I stopped asking my grandfather to tell me stories, and I think secretly he was relieved. An air of mystery closed around the details of his early life. I didn’t pry. He had been through hell and had a right to his secrets. I felt ashamed for having been jealous of his life, considering the price he’d paid for it, and I tried to feel lucky for the safe and unextraordinary one that I had done nothing to deserve.
Then, a few years later, when I was fifteen, an extraordinary and terrible thing happened, and there was only Before and After.
I spent the last afternoon of Before constructing a 1/10,000-scale replica of the Empire State Building from boxes of adult diapers. It was a thing of beauty, really, spanning five feet at its base and towering above the cosmetics aisle, with jumbos for the foundation, lites for the observation deck, and meticulously stacked trial sizes for its iconic spire. It was almost perfect, minus one crucial detail.
“You used Neverleak,” Shelley said, eyeing my craftsmanship with a skeptical frown. “The sale’s on Stay-Tite.” Shelley was the store manager, and her slumped shoulders and dour expression were as much a part of her uniform as the blue polo shirts we all had to wear.
“I thought you said Neverleak,” I said, because she had.
“Stay-Tite,” she insisted, shaking her head regretfully, as if my tower were a crippled racehorse and she the bearer of the pearl-handled pistol. There was a brief but awkward silence in which she continued to shake her head and shift her eyes from me to the tower and back to me again. I stared blankly at her, as if completely failing to grasp what she was passive-aggressively implying.
“Ohhhhhh,” I said finally. “You mean you want me to do it over?”
“It’s just that you used Neverleak,” she repeated.
“No problem. I’ll get started right away.” With the toe of my regulation black sneaker I nudged a single box from the tower’s foundation.
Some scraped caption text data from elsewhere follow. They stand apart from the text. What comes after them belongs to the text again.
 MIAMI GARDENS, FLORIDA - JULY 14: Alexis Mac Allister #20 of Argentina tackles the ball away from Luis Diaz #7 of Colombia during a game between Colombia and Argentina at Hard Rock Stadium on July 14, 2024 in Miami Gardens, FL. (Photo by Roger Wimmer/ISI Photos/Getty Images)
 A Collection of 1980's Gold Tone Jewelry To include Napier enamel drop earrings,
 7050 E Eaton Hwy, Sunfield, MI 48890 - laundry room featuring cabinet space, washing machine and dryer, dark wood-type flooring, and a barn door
In an instant the whole magnificent structure was cascading down around us, sending a tidal wave of diapers crashing across the floor, boxes caroming off the legs of startled customers, skidding as far as the automatic door, which slid open, letting in a rush of August heat.
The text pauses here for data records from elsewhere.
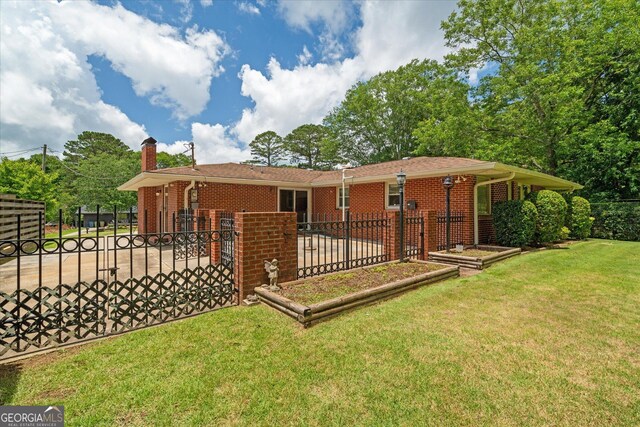 106 Lakeview Dr, Carrollton, GA 30117 - rear view of property with a chimney and brick siding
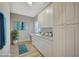 Bright laundry room with white cabinets and workspace at 1894 Wallingford St, Henderson, NV 89052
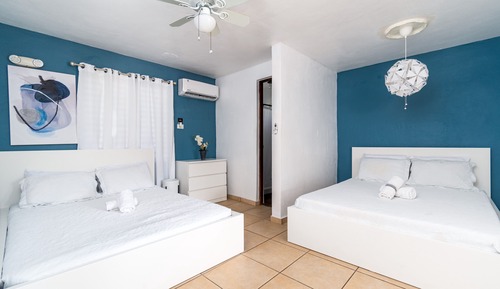 Habitación Signature, 2 camas de matrimonio, acceso a la piscina, vistas al jardín (Mar)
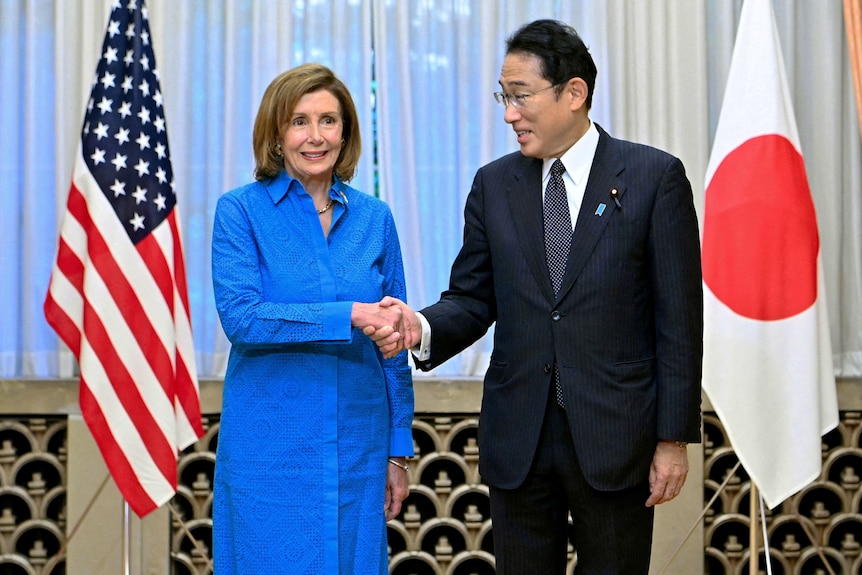 Woman in blue suit shakes hands with man in black suit with US and Japanese flags in background.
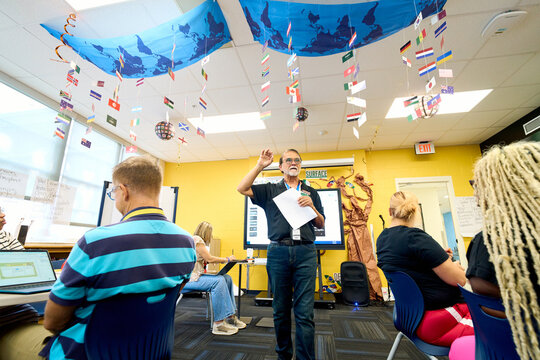 Teacher leading an education workshop
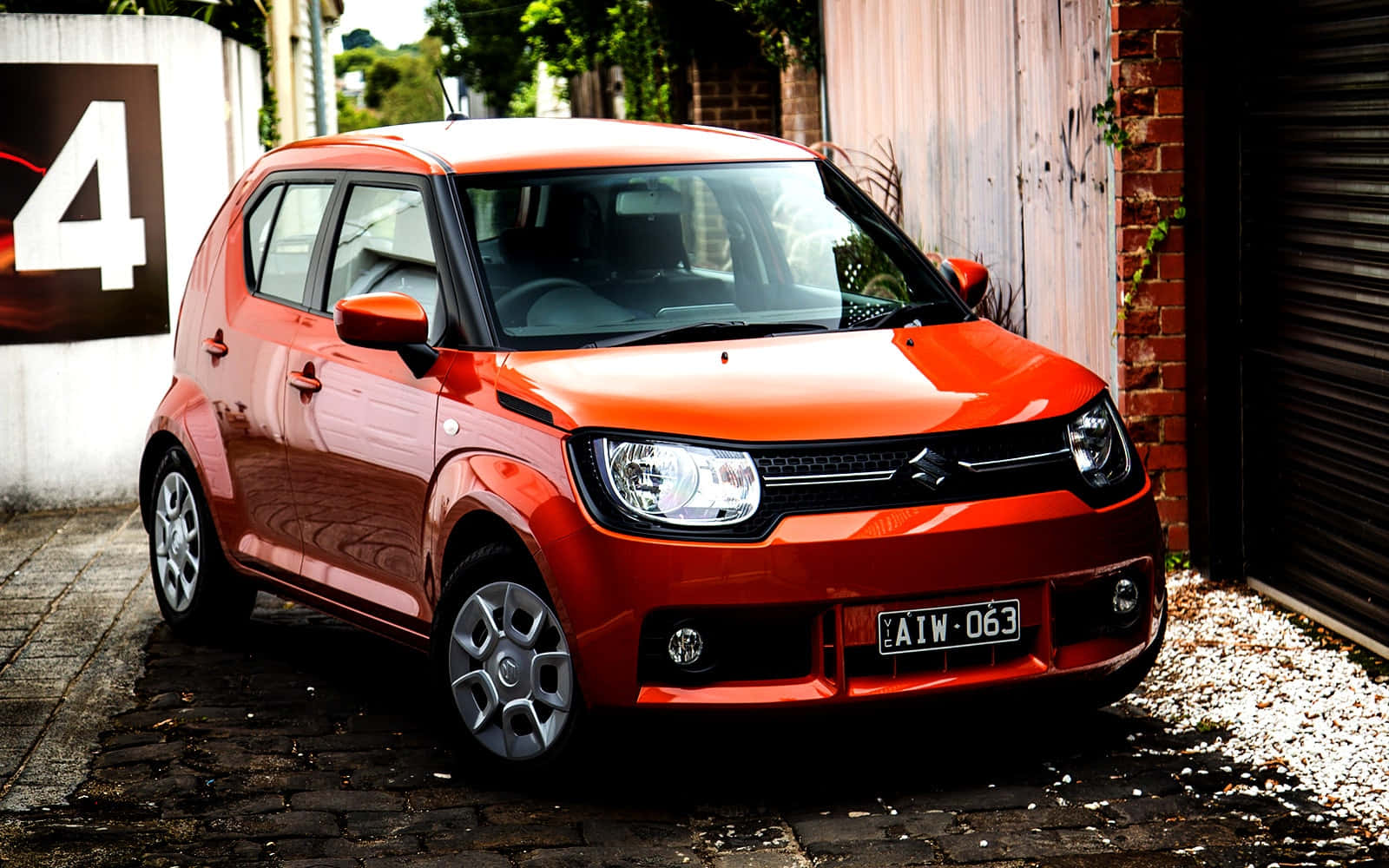 Caption: Vibrant Suzuki Ignis In Urban Landscape Wallpaper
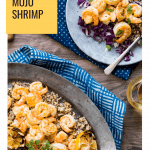 gray plate with a serving of orange shrimp, quinoa and cabbage next to a metal serving dish with the same ingredients. Two glasses of white wine and two blue napkins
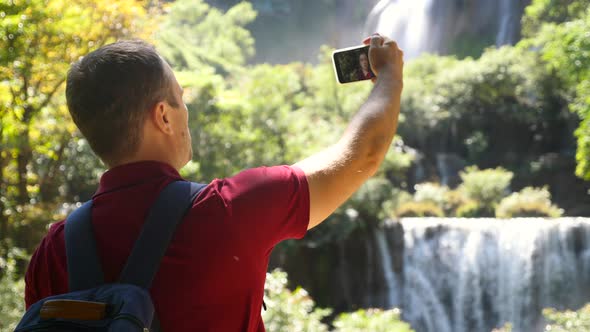 Young Man Blogger Vlogger Record Selfie Video Movie Outdoors on Smartphone Looking at Camera Talking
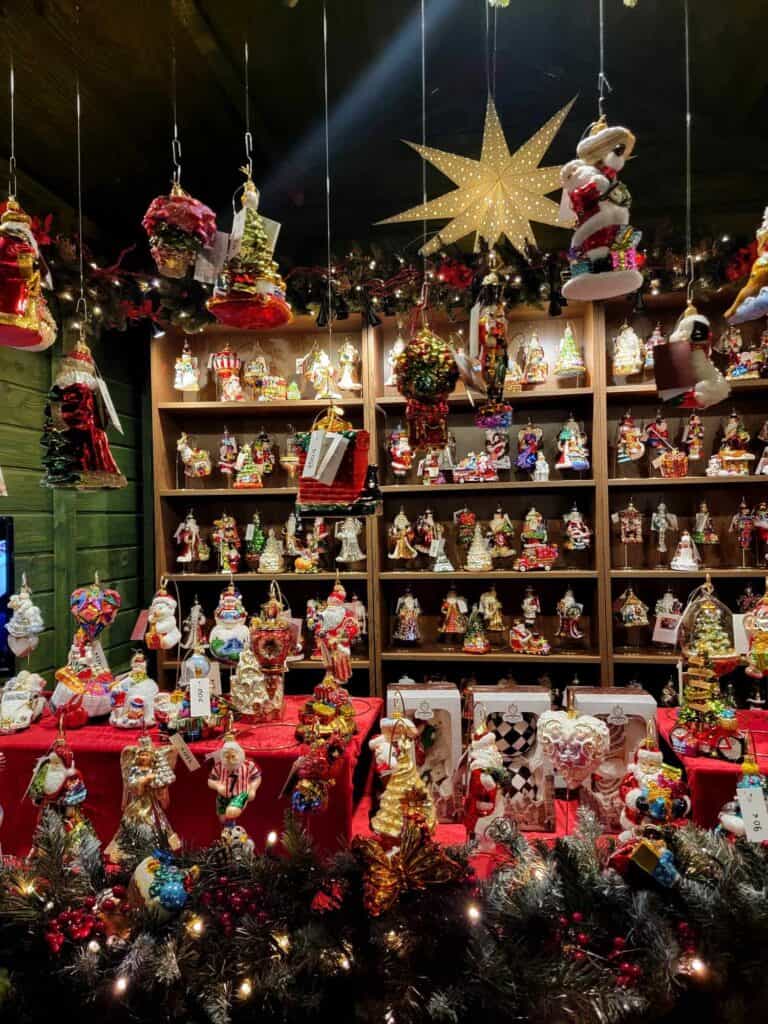 Hanging stars and shelves full of Christmas figureines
Shelley’s face turned the color of ripe pomegranate. She should’ve fired me on the spot, but I knew I’d never be so lucky. I’d been trying to get fired from Smart Aid all summer, and it had proved next to impossible. I came in late, repeatedly and with the flimsiest of excuses; made shockingly incorrect change; even misshelved things on purpose, stocking lotions among laxatives and birth control with baby shampoo. Rarely had I worked so hard at anything, and yet no matter how incompetent I pretended to be, Shelley stubbornly kept me on the payroll.